Alcuni studi hanno messo in luce gli effetti positivi o negativi di determinati microrganismi. Teoricamente, arricchendo il microbiota intestinale di batteri «buoni», a scapito dei batteri «cattivi», si promuove un buono stato di salute. Tuttavia, non può esistere un microbiota ideale uguale per tutti: i geni e le caratteristiche individuali hanno un ruolo determinante. Studi sull’uso dei prebiotici (sostanze che promuovono la crescita dei batteri «buoni», come per esempio l’inulina) hanno mostrato che la risposta è personale e dipende dalla composizione iniziale del microbiota intestinale.

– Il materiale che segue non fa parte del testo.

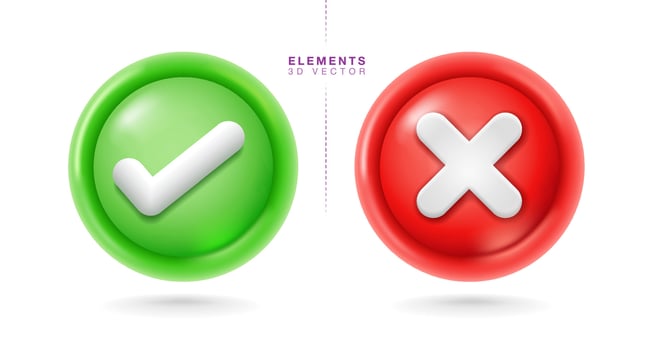 Confirm and Decline buttons compare like check mark, wrong sign. vector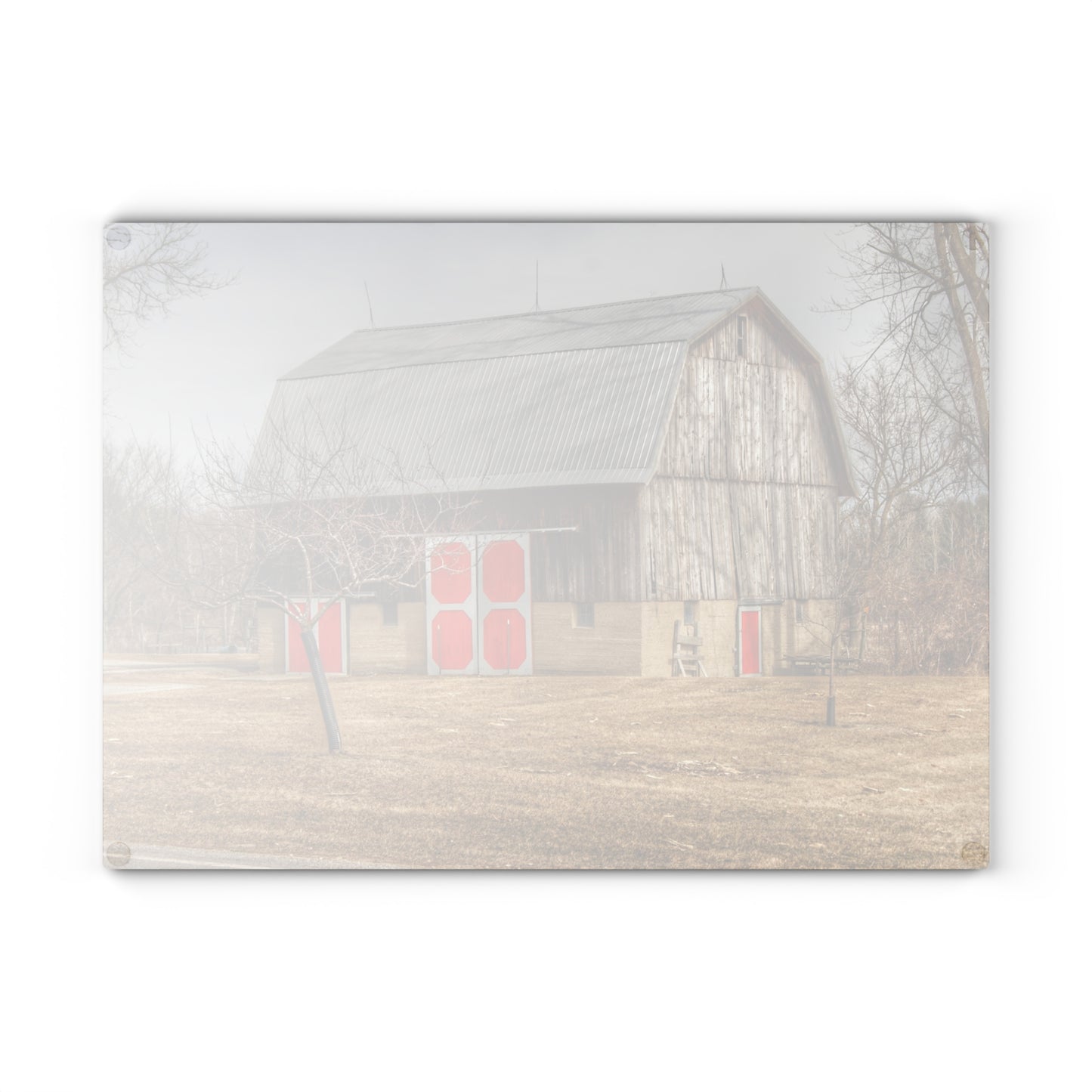 U R There Photography Sheridan Road Grey Rustic Farmhouse Tempered-Glass Cutting Board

L’industria dei probiotici (che l’Organizzazione Mondiale della Sanità definisce come «microrganismi viventi che, somministrati in adeguata quantità, comportano un beneficio all’ospite») è in fiorente attività, eppure i dati sull’efficacia dei probiotici in condizioni patologiche non sono consistenti tra loro, a indicare che non si tratta di un tipo di intervento generalizzabile.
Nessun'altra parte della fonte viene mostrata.